Selling of the European single currency continued yesterday and it would be a brave man to say that we have reached the pre-decision low in EUR/USD, EUR/GBP or EUR/JPY. Today may be the day that investors who have been profitably betting on the decline of the euro bank some profits before the decision at lunchtime. Contrarian bets that the European Central Bank reverts to type and disappoints us all are expected to increase today as well.

This policy may have been given away by the movements of the Swiss National Bank or the words of the French President in the past week, however, such is the level of anticipation around a stimulatory policy that a delay or refusal would throw markets into paroxysm. We will have a full run down of our thoughts on just what the European Central Bank will launch in tomorrow’s Morning Update.
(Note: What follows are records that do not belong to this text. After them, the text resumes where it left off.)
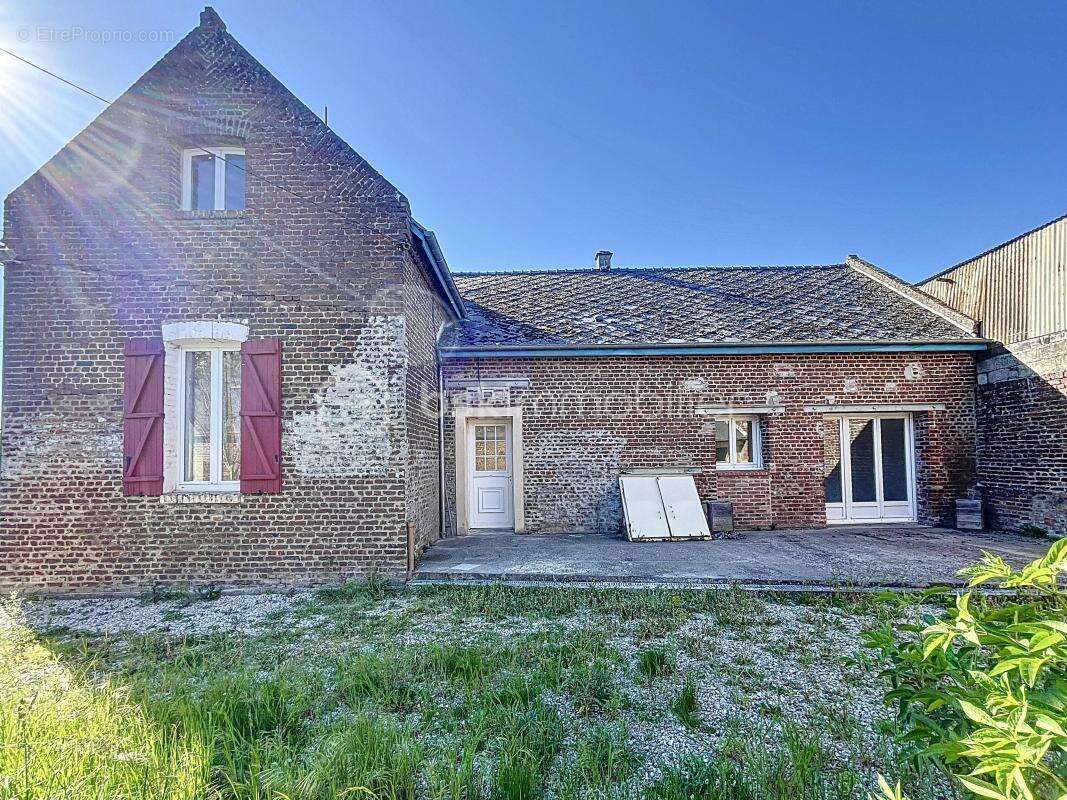 Maison à LA FERTE-CHEVRESIS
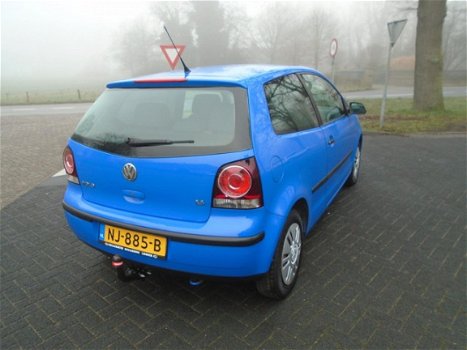 Volkswagen Polo - 1.4-16V Trendline - 1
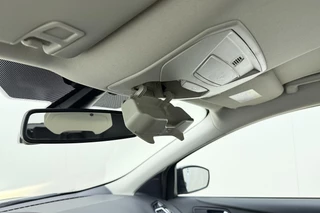 Ford Kuga 1.5 EcoBoost Titanium | Trekhaak | Achteruitrijcamera | Airco | Navigatie | Elektrische achterklep | Cruise control | Start/Stop bediening | Climate control | Parkeersensoren | Lederen/stof interieur | Stuurbediening / 32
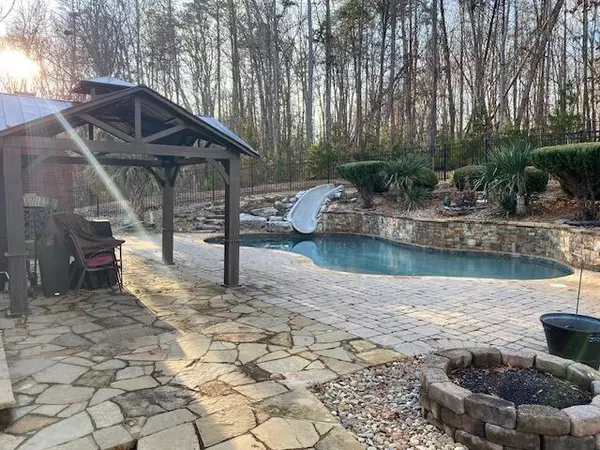 Clarkesville, GA 30523,351 Shoals LN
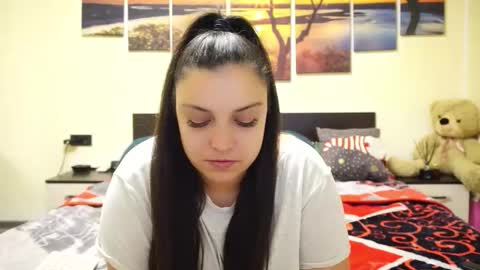 Adellineee online show from January 11, 12:48 am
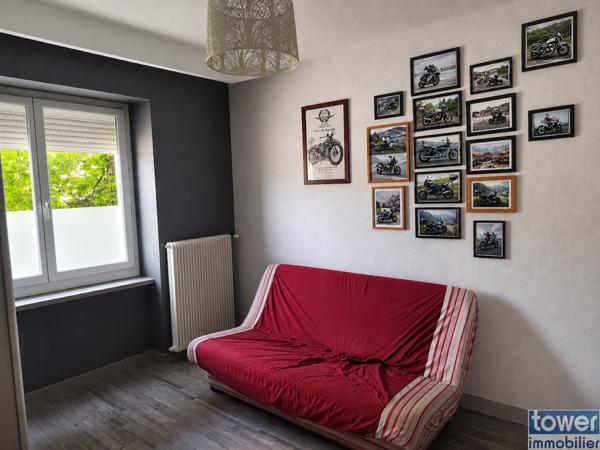 Maison
                                                                                                                                                                                                                                                                                                                        6 pièce(s)                                                                                                                                                                                                          5 chambre(s)                                                                                                                                                                                                          121  m²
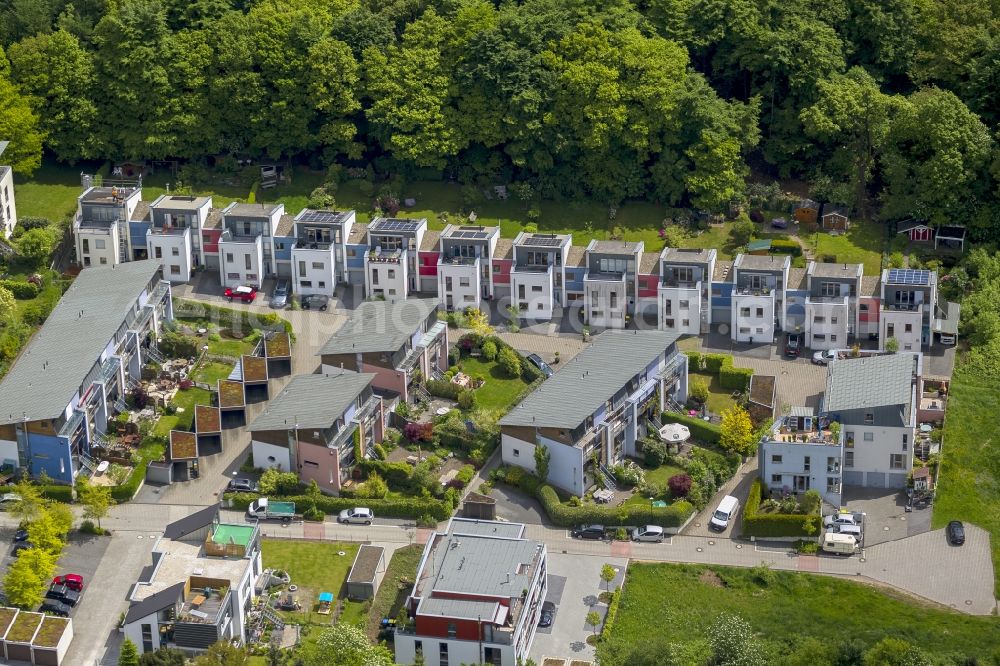 Aerial image Wuppertal - Estate of terraced houses on the Elfriede-Stremmel Street in the district Ronsdorf in the state North Rhine-Westphalia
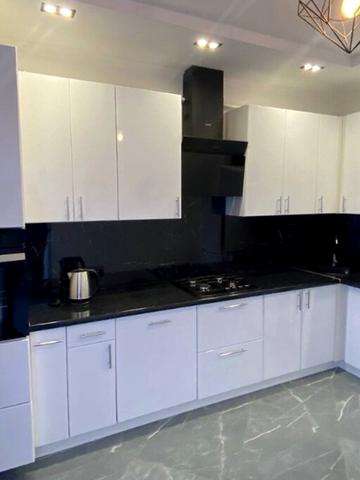 Тараса Шевченка вул., 27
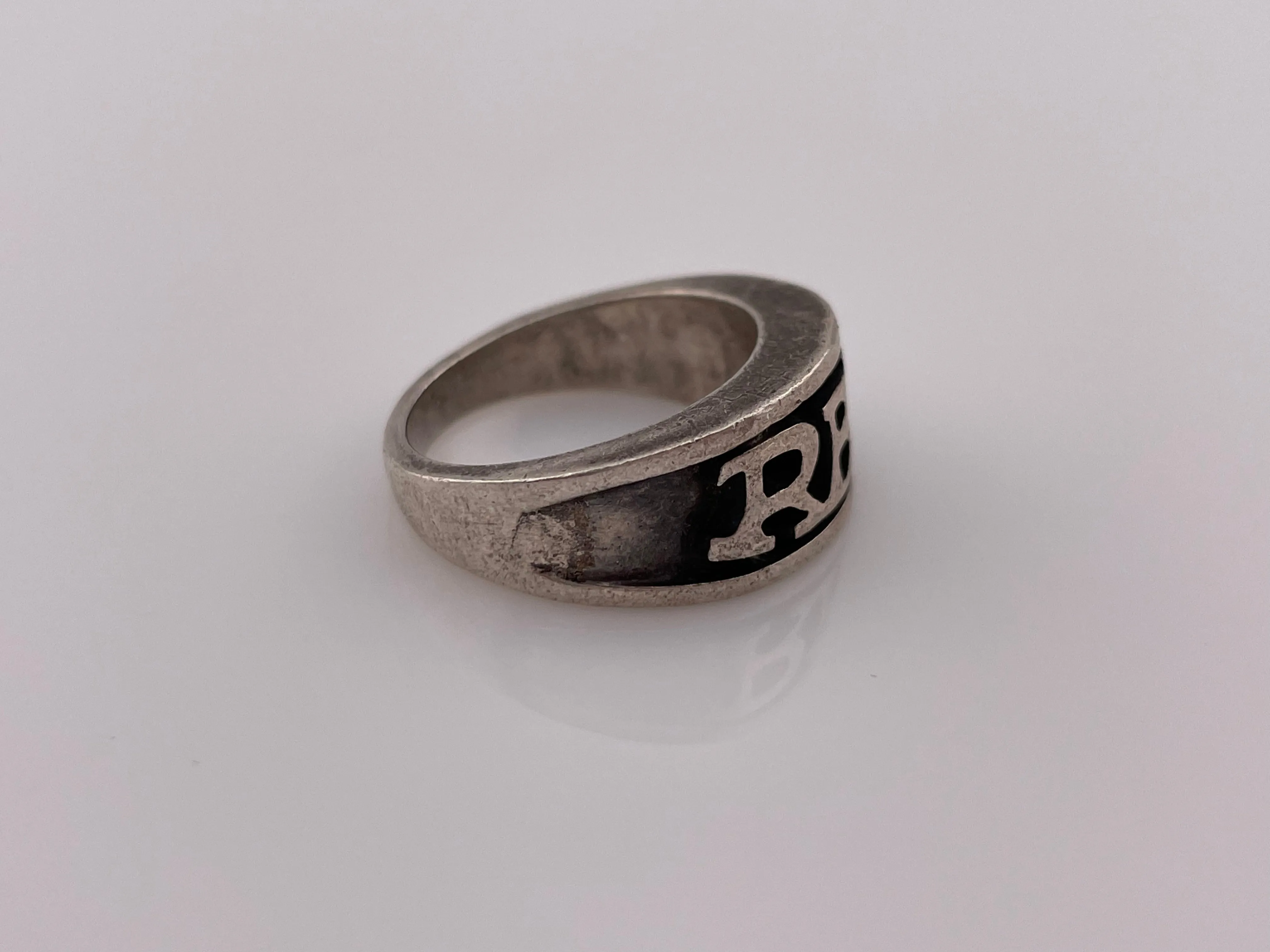 size 6.5 sterling silver 'RBT' initials ring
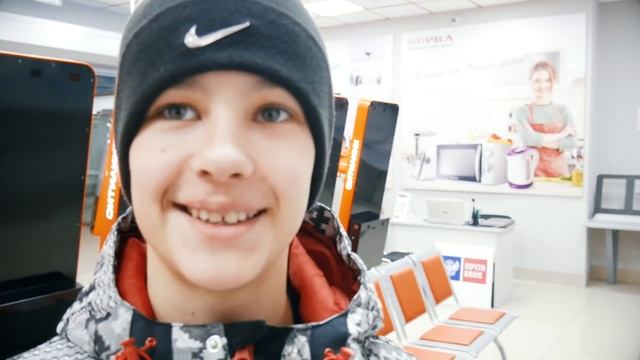Сколько папа мне платит за рыбалку? Что купит школьник на 100000 рублей? смотреть онлайн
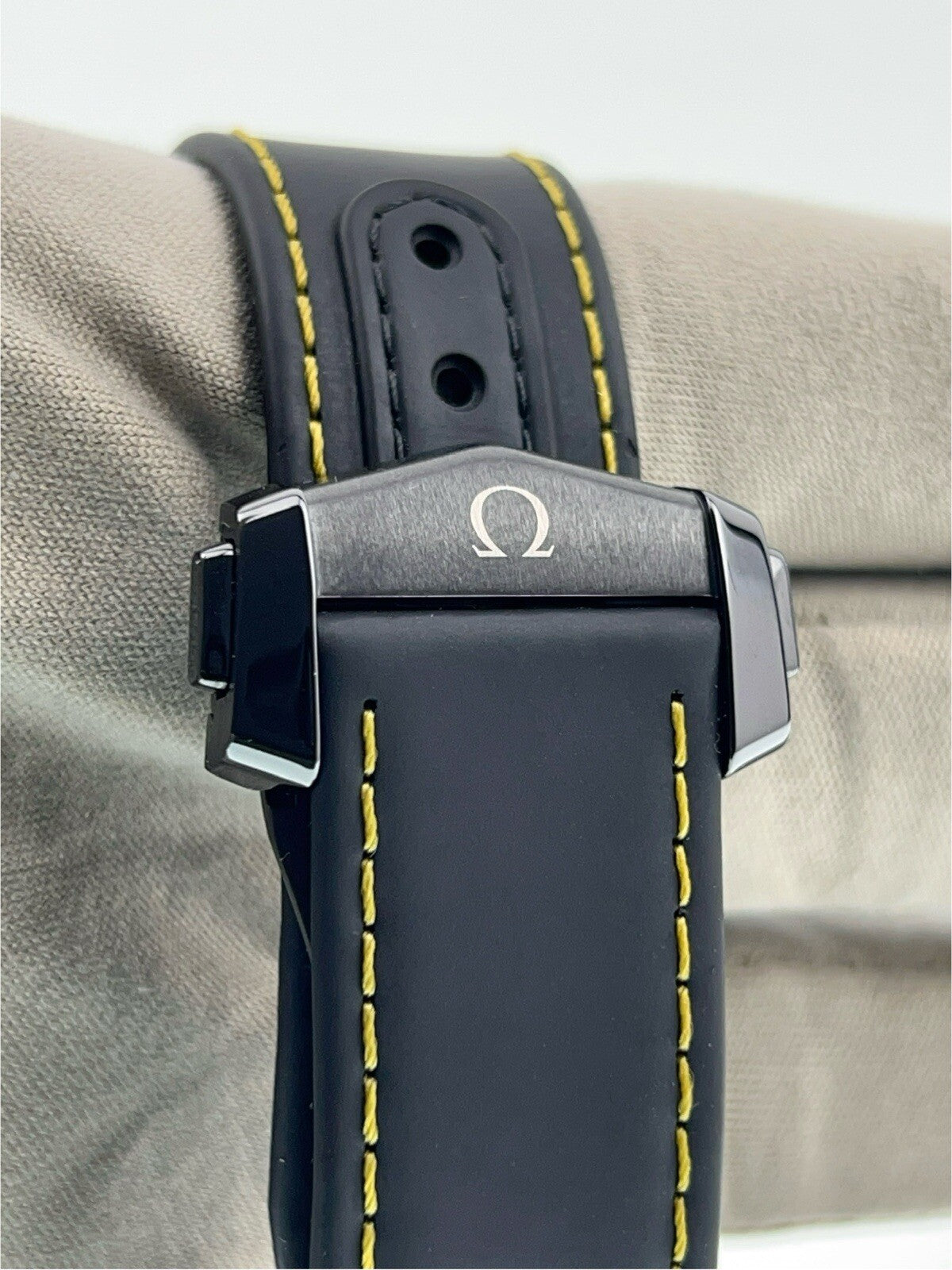 Omega Speedmaster Apollo 8 Dark Side of The Moon 310.92.44.50.01.001 Rocket Hand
Today, the focus is very much on the UK economy with the latest jobs report and the minutes of the December Bank of England meeting. While the overall unemployment rate provides a decent headline reading of how well the UK economy is performing, we will be looking at the wages side of things more closely. Wages are currently rising here in the UK in real terms i.e. at a faster rate than rises in inflation. This is a new development in the UK. Wages have only outpaced inflation in three months since June 2008 and even now, most of this positive motion is not coming from a substantial increase in wages but instead the recent large falls that we have seen in inflation.

Whether we have seen the inflection point for UK wages and whether they’ll run higher from here will be seen this morning. The combination of slower price rises and rising wages is an obvious plus for the UK economy and consumers within it. We are looking for unemployment to fall to 5.8% in the UK with wages rising by 1.7% year-on-year.

The Bank of England will mention both within the minutes of their meeting but it is their thoughts on inflation that will be the most eagerly pored over. While we will have to wait until February’s Quarterly Inflation Report for the Bank’s latest projections of inflation, it provides an obvious crutch with which to lean on should you be of the view that rate rises can wait.

I wonder what the odds of either Messrs Weale or McCafferty changing their votes from a 25bps increase to no change are at the moment. I don’t think that they will but it is possible at next month’s meeting given the larger falls in CPI seen in the past six months.

As we stated in this week’s Sterling Update the most important thing that we can glean from these minutes is to look at whether the majority of the Monetary Policy Committee is focused on the headline rate of inflation in the UK or whether it is core prices that is guiding their expectations. As we have seen with other inflation announcements in recent weeks, it is not so much about the headline index but more the ‘core’ reading in my opinion. The harmful effects of falling commodity and energy prices are obvious but should an economy’s ‘core’ prices – that do not include these volatile measures – remain strong, then that is cause for optimism, will fuel higher rate expectations and hopefully a stronger pound too.

Overnight, the main mover has been the Japanese yen after the Bank of Japan cut its inflation forecast but maintained its current level of stimulus. The Bank of Japan is in a similar predicament to the Bank of England; eager for higher inflation and having to discount away the falls in oil prices. It does give us doubts of whether the Bank of Japan will hit its 2% CPI target by October however, likely leading to additional stimulus spending by the government and the central bank.